Whilst it is providing the technology for a number of thermal power projects, it is also a partner investor in some, including the 400megawatts Bridge Power project.
Russel Stokes, a senior Vice President, GE, told the B&FT that the company is committed to the development of the energy sector of Ghana because the country has vision and a plan to execute projects.
“GE technology powers two-thirds of all the power generated in Tema and all the power generated in Takoradi, our two national power hubs. Projects in the pipeline like Amandi, Cenpower, Bridge Power Ph I & II in the pipeline will increase our number to 90percent.
In Ghana, today, we have contributed over 600MW to the grid in the last 24 months with an additional 900MW in the next 2 years,” he said.
Currently, the total electricity demand of the nation, according to the Energy Commission, is 2,533MW for homes, schools, businesses, industries, among others.

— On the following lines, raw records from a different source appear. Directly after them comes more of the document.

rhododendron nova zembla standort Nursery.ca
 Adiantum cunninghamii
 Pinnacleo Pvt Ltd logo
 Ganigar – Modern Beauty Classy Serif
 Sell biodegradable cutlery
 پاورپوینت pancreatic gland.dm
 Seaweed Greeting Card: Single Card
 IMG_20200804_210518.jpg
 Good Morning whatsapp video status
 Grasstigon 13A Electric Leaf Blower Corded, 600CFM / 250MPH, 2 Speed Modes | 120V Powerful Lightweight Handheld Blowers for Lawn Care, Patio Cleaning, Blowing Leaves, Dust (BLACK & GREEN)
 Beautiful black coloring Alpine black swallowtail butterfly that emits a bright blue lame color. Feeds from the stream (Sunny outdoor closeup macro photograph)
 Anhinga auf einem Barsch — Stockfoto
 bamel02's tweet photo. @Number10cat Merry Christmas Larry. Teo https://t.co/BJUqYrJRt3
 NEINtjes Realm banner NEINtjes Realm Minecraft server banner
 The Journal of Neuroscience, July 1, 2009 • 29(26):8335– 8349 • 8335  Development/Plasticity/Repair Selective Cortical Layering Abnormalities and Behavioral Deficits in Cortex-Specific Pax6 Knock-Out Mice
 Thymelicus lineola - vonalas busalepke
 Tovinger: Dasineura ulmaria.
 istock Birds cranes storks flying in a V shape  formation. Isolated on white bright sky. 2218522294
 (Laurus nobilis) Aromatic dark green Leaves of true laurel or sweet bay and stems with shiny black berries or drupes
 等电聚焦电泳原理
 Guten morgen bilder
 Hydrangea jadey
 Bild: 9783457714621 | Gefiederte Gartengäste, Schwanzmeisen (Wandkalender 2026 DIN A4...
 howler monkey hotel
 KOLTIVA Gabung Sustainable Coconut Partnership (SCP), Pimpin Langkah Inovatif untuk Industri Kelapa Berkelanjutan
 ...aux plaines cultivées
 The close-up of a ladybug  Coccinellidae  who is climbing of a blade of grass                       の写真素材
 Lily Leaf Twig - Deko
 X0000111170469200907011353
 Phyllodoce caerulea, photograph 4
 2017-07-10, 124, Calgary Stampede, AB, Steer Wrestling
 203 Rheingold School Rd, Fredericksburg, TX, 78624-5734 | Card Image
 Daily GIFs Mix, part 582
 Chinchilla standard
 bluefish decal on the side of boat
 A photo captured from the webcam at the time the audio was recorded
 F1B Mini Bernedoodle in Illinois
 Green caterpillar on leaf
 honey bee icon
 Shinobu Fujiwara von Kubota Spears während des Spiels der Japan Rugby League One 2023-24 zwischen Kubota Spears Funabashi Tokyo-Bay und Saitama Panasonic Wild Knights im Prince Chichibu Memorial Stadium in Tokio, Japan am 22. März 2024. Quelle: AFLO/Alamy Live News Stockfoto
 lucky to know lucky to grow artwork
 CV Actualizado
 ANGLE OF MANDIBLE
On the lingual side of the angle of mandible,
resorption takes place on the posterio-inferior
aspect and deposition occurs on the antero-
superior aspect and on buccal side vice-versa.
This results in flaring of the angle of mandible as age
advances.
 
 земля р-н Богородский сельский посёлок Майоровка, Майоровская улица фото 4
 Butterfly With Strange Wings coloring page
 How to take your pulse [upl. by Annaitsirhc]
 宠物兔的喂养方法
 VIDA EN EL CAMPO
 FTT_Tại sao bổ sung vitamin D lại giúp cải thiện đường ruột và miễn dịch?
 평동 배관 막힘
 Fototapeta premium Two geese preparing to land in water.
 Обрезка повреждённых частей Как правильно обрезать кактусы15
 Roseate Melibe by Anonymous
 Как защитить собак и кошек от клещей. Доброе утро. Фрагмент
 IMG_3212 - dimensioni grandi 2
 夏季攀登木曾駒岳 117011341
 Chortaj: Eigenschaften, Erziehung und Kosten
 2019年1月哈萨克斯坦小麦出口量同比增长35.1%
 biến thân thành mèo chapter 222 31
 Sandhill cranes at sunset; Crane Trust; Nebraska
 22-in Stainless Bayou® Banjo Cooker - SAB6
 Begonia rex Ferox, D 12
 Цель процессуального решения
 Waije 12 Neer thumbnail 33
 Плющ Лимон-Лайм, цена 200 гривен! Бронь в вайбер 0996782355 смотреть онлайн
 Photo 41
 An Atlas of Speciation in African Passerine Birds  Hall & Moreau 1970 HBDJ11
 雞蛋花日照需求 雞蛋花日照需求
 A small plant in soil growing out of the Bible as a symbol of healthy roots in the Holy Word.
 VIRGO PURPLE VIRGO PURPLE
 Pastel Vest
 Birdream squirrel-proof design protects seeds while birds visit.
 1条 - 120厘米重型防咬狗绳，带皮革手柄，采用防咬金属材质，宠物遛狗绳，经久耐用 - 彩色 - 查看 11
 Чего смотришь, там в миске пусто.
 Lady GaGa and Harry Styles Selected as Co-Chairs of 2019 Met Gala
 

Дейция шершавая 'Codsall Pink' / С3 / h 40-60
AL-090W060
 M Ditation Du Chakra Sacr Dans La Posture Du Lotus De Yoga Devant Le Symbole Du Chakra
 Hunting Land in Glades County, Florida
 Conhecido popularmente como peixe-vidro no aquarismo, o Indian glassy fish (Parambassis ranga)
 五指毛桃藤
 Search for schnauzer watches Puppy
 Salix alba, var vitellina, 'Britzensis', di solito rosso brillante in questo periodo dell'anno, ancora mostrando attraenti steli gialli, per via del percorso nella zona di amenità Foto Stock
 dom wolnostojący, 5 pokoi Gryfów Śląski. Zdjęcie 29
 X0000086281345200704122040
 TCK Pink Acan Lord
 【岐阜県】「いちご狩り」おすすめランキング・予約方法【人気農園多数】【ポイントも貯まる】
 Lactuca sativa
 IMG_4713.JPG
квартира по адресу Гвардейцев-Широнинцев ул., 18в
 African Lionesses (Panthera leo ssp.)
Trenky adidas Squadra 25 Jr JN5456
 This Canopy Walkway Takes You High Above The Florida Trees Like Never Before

Even though the hydro and thermal supply chains, the two major sources, have 2,812MW of installed capacity, the only available capacity for consumption is 1,895MW.
Mr. Stokes, who is also the President and CEO of GE Power, explained that GE Power’s 400MW Bridgepower project will be the first LPG fired power plant in Africa and the largest LPG fired power plant in the world.
He added that the Atuabo Waste to power IPP project will be the first LM2500 plant to use otherwise flared Isopentane gas as a fuel source and will run on GE’s latest and greatest version of the LM2500 engines, whilst the Cenpower IPP project, financed by the AFC, will achieve commercial operation in 2018 and will bring online 350MW of power – enough electricity to power over two million Ghanaian homes.
He noted that the 200MW Amandi power plant will run on 9E technology offering tri-fuel flexibility for the country and will come online in 2019.
“It will run initially on Light Crude Oil (LCO) and switch to indigenous gas from Ghana’s offshore Sankofa natural gas fields once available. The plant will be one of the most efficient power plants in the country and will generate the equivalent power needed to supply more than one million Ghanaian homes,” he added.
Leslie Nelson added that: “We are making projects that maybe wouldn’t happen without a company like ours. We bring the global scale, capabilities to finance and bring on better partners, best in class and bring in consortiums that are rarely seen on this continent. We attract partners that are in there simply because GE is in it.
90-95percent of the people who work in this office are Ghanaians and so when the lights are out we feel it and when the prices of electricity drop then we all have more money in our pocket. This is not a fly in, fly out culture. We are in here for the long run,” he said.
“We invest in markets and we employ locals to undertake jobs. These people want to see their countries continue to progress on a global stage. We are committed to the country and we want to humbly learn and continue to do whatever we have to do to arrive at the outcomes that Ghanaians are looking for.”